WORK REQUIRED: Below are the records. How many of their lines contain "iPhone"? Give only the number.

SUPPLIED INFORMATION:
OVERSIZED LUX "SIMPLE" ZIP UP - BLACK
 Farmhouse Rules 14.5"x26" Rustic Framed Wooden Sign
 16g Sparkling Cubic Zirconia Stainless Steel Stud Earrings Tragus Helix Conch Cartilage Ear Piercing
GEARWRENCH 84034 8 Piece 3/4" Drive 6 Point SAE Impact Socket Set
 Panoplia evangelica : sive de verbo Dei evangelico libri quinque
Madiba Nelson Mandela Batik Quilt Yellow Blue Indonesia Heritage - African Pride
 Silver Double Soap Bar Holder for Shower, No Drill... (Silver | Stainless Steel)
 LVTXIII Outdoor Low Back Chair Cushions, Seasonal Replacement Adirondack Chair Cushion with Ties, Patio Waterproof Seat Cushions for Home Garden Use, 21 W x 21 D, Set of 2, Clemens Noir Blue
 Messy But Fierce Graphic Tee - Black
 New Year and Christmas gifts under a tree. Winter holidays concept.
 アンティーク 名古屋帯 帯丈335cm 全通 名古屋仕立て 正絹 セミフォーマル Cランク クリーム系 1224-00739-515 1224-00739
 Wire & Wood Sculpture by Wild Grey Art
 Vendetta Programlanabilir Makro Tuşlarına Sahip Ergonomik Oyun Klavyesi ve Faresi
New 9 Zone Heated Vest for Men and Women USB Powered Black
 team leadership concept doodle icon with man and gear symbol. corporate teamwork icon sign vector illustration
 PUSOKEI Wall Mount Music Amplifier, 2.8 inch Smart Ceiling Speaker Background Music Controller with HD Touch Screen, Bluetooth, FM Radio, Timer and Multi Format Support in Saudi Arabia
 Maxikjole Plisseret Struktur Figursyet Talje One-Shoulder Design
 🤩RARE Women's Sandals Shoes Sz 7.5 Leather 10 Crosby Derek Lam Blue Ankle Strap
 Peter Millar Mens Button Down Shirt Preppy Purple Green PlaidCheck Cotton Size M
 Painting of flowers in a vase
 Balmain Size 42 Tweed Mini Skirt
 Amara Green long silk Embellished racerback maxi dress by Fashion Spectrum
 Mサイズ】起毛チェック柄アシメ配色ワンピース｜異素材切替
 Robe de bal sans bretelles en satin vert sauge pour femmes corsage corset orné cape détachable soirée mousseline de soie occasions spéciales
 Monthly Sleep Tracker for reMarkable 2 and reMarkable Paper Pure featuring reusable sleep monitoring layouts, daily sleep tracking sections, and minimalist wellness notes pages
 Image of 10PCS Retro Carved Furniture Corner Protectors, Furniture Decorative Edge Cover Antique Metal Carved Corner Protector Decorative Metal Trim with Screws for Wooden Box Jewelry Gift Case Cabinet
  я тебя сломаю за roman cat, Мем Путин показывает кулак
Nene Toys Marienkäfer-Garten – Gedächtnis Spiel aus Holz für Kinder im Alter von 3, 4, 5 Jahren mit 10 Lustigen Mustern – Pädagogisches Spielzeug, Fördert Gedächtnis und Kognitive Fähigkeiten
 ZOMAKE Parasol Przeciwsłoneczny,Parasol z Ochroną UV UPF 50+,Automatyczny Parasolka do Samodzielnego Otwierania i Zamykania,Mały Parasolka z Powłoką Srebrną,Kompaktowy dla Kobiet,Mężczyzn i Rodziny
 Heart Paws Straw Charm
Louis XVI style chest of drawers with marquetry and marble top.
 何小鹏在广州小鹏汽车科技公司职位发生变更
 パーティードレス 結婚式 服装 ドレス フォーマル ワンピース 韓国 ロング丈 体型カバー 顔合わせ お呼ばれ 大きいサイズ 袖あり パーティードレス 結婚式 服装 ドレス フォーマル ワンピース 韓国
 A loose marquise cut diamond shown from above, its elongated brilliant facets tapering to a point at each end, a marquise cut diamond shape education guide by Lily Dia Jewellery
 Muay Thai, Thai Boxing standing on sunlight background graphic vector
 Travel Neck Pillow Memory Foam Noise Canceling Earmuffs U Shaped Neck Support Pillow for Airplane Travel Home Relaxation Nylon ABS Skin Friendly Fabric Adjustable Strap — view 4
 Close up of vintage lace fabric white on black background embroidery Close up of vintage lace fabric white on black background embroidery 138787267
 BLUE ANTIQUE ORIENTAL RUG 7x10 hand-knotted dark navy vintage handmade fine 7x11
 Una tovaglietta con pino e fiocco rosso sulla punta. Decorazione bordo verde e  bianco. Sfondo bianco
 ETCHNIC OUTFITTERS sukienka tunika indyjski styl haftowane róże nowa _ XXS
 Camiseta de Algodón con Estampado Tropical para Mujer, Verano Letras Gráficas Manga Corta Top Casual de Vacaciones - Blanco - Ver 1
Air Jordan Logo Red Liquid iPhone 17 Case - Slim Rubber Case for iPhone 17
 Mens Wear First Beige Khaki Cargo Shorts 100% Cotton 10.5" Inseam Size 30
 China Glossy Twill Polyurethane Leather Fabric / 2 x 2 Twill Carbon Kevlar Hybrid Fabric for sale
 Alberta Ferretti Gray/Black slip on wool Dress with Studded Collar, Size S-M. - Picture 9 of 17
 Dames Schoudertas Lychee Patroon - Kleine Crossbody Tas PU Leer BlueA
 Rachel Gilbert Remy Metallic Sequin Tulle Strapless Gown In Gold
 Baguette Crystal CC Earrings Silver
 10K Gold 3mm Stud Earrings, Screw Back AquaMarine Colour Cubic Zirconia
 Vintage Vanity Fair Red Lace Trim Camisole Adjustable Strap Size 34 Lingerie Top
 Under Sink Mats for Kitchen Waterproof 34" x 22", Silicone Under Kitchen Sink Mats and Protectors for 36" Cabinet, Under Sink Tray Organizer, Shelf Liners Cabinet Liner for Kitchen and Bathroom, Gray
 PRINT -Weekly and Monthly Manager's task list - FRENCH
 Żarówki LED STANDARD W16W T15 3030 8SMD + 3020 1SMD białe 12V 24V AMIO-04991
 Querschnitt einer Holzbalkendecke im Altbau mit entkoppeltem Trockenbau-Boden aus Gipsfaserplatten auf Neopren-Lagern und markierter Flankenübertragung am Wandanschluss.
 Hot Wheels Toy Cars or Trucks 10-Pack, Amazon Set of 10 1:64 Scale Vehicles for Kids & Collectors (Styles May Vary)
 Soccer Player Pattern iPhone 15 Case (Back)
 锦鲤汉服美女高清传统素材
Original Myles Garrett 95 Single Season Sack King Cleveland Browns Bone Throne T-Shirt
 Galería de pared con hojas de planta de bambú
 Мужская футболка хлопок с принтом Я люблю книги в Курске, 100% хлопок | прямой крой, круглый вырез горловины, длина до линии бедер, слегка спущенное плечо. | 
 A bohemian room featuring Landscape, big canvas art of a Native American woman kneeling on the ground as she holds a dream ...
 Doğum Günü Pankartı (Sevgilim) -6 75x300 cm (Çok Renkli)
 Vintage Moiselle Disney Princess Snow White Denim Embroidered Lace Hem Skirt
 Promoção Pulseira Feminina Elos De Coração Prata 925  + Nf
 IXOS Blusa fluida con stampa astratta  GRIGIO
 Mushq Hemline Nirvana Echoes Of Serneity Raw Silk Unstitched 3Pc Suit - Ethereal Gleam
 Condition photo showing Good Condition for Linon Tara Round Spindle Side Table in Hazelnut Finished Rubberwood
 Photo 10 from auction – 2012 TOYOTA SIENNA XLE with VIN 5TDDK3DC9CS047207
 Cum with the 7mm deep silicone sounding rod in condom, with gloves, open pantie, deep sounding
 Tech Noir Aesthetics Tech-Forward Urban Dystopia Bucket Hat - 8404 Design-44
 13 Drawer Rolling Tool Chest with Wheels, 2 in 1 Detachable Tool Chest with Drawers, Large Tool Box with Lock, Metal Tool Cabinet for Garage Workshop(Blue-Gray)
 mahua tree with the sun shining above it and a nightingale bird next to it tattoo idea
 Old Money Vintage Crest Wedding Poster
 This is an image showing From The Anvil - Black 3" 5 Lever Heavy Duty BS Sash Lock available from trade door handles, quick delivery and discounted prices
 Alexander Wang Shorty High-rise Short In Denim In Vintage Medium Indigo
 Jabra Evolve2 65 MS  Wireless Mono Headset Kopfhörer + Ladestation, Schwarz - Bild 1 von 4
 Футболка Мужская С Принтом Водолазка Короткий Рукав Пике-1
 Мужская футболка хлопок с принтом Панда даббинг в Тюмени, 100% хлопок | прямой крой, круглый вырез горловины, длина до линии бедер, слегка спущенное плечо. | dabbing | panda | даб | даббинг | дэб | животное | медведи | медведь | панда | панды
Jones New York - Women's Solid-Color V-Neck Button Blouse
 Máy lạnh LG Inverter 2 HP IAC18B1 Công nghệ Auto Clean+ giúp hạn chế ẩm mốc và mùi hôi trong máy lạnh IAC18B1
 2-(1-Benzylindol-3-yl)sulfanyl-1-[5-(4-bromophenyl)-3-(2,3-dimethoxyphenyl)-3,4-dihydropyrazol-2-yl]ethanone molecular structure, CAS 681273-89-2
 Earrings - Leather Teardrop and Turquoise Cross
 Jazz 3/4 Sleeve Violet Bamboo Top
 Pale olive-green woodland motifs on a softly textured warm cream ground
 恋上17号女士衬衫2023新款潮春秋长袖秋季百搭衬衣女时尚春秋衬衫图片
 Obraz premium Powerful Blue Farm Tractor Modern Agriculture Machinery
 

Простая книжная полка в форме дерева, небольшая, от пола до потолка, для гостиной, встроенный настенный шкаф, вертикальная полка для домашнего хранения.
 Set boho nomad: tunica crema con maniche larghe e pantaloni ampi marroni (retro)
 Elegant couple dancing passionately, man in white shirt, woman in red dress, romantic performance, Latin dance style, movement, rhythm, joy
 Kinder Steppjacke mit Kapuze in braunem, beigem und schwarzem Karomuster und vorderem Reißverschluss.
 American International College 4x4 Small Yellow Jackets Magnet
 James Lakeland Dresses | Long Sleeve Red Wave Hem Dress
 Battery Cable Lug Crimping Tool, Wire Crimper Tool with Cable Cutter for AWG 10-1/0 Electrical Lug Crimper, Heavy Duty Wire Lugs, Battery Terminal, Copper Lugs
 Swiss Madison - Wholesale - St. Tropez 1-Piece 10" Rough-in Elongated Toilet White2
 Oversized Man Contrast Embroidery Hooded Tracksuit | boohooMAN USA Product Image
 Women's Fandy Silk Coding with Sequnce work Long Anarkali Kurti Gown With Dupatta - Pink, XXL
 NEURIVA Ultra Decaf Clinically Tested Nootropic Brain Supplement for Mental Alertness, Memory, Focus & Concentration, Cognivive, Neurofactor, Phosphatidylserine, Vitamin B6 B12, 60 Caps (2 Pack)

SOLUTION FOR THIS EXERCISE: 2